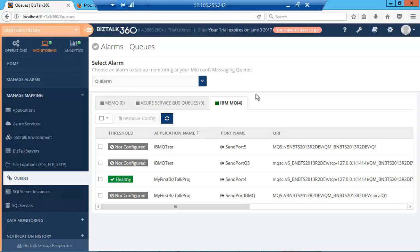Hello, today we'll take a look at how to monitor the queues of IBM MQ with Bistock 360.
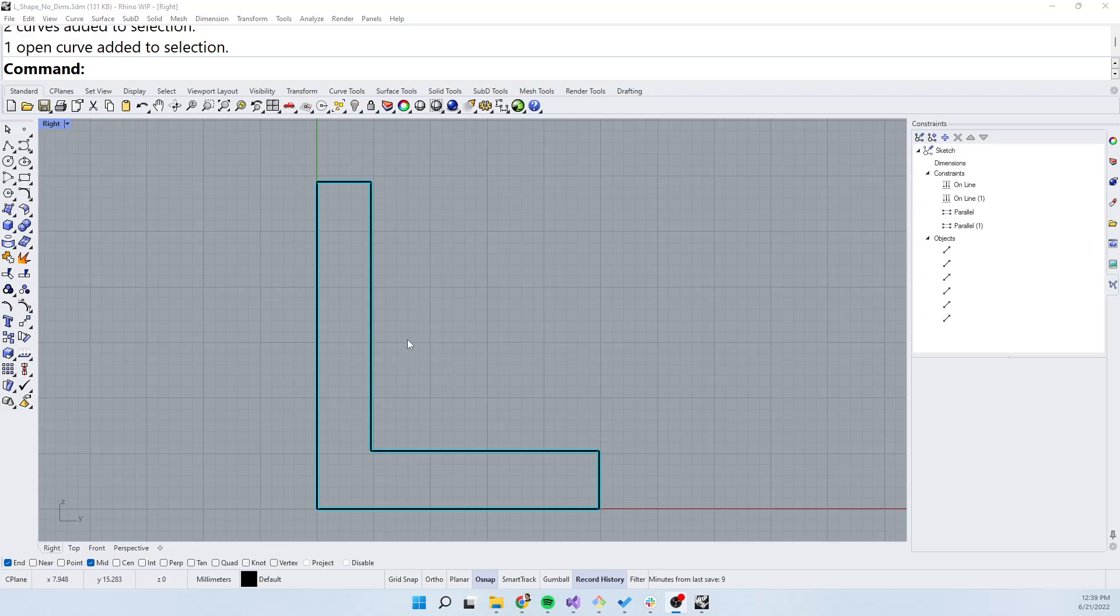Hello, in this video I'd like to go over the constraint grips available in Rhino WIP. Constraint grips are a way to manipulate a constraint sketch with your mouse.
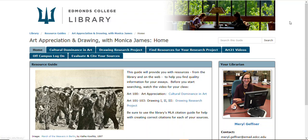Hi everyone, this is Meryl. I am the librarian that works with the art class.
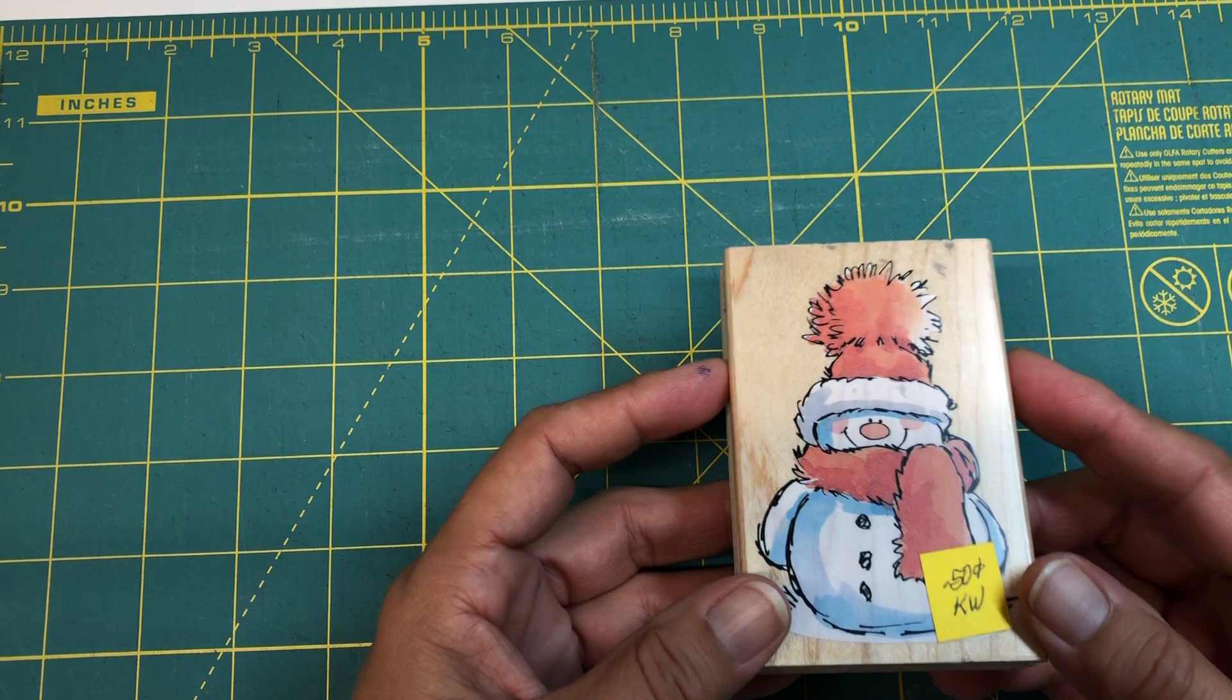So without further ado, I'm going to show you what I got. I'm going to save what I would say is the best for last, and I will just show you the rest. The majority is Christmas related and a couple of them aren't. But in no particular order, here we go.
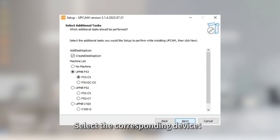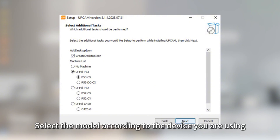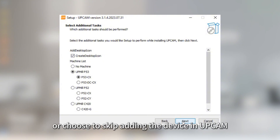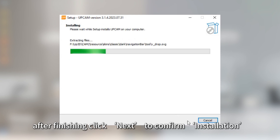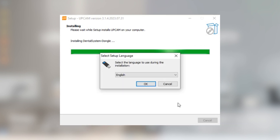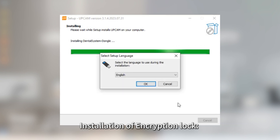Select the corresponding device. Select the model according to the device you are using, or choose to skip adding the device in UPCAM after the installation is completed. After finishing, click Next to confirm installation.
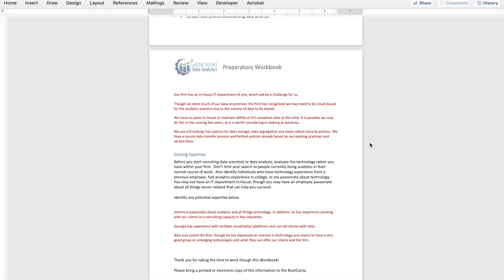Again, if you have any questions at all as you start to complete this preparatory workbook, if you want to bounce any ideas around, shoot me an email at jeremyc.upstreamacademy.com. I'd be happy to help you with any questions you have and give you some guidance along the way. I can't wait to see you all in person in a few weeks at our on-site boot camp for launching data analytics, and I look forward to talking to you more in the future. Have a great day.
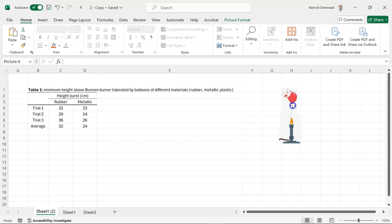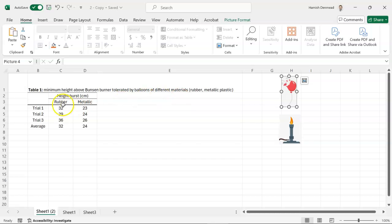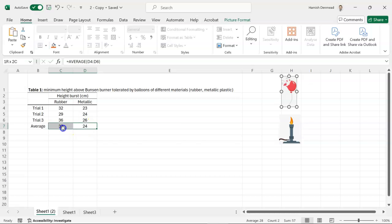They compared rubber, standard rubber balloons with metallic shiny plastic balloons. They ran three trials for each type of balloon and then they took an average.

++++++

(What you should do): The required result is the entries above, printed exactly from the first line through the line with "Hi everyone, this", pictures excluded.

(Your response):
Hello, today we'll take a look at how to monitor the queues of IBM MQ with Bistock 360.
Hello, in this video I'd like to go over the constraint grips available in Rhino WIP. Constraint grips are a way to manipulate a constraint sketch with your mouse.
Hi everyone, this is Meryl. I am the librarian that works with the art class.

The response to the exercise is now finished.